We started out very near to where we’d finished previously with Klara and her brother the last time we were here. Up to Echo Lake and onto the Tahoe Rim Trail. Not too steep or high – not surprising after our High Sierra altitude training – so pretty easy going. Great views, gorgeous weather, only a bit chilly at night.

While it was a bit snowy one night in the High Sierras, this area to the north had received about 10cm of snow and lots of it remained on the north faces of the hills. Some parts were actually a little treacherous and slippery. The other issue we faced was an ever shorter day – only light enough to see the trail at 6:50am and totally dark by 7pm, earlier under the forest canopy.

One thing you’ll never get sick of are the sunrises and sunsets (guess that’s two things really). Somehow, as the photos and videos on our blog show, we’ve managed to have stunning weather virtually every day. Fingers crossed that continues. We passed by numerous ski areas as we edged north along the mountains behind Lake Tahoe and found the hiking fairly easy, certainly easier than at altitude the week before.


We got some real treats on this section, two nights in a row in two stunning alpine huts, plus a wonderful lunch at the Donner Pass Ski resort. What a joy to have a hut, woodburner, heaps of wood and only an $8 donation each per night. Thanks Sierra Alpine Club, it somehow made us realise how much we miss NZ huts and how much we love them! After the huts we also stayed in a closed campground, eerily quiet and empty reminding we were here very late and the outdoor season was already over.

After 175kms we were really looking forward to staying in Sierra City (population 200). Unfortunately we arrived to the hum of generators and a closed General Store plus most shops had closed for the season……Opps! Northern California had turned off the electricity grid to 1 million residents due to high winds and the risk of fires (in 2017 an electrical fault caused a massive blaze with lives lost when the town of Paradise burned down). Luckily the owner of the place we stayed at had gas hot water and heating. He also took us across to a nearby town which had its own supply so we could buy food. Got to say it seems pretty third world when infrastructure like this means no power for days due to a little wind….doesn’t happen in Wellington unless you get tree falls on the lines. Head torches back on in bed to read, like in our Palace.
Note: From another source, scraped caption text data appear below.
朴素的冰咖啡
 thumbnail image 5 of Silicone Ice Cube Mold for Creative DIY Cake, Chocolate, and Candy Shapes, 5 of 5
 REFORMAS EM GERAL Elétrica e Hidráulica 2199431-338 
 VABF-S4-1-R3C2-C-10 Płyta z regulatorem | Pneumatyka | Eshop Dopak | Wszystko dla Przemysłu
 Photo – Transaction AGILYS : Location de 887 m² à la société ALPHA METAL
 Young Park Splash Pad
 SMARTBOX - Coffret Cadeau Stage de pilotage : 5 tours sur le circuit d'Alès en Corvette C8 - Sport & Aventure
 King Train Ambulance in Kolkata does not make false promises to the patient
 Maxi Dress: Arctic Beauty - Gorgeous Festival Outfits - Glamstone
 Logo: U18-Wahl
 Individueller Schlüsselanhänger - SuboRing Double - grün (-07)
The following days were spent heading north towards Quincy, a cute old mining town we’d had a coffee in on our way to Burney Falls in June. The final day we decided to walk the scenic road into town instead of taking the trail to the trailhead and possibly getting stuck with no hitching opportunities. With the Winter on the doorstep, the back country roads are empty as we discovered on our 34kms road walk. It was a Sunday and only really saw more cars as we got closer to the outskirts of town.

Quincy, a motel, showers, laundry, food, electricity, warm and cosy. A double zero day well deserved after 280kms in 9 days of hiking plus a hitching day. Only around 240kms to get to Burney Falls. Stay tuned……and fingers crossed the weather stays fine the next 10 days or so.
The end of the High Sierras

This blog post should have been titled “how to freeze your butt off in the High Sierras” but that wouldn’t be appropriate. Actually, my usual blog style wouldn’t really do this section justice. We crossed 6 high passes in 6 days, 5 of them over 3500 metres. We twice had temperatures of minus 15 degrees Celsius in the tent and one of those nights it must have been around minus 20 with the wind chill. It snowed overnight and we woke with everything covered in fresh snow. I’ll let the photos do the talking – if you get the chance, see them on a bigger screen. Anna’s videos shows the High Sierra’s much better then I could write about them.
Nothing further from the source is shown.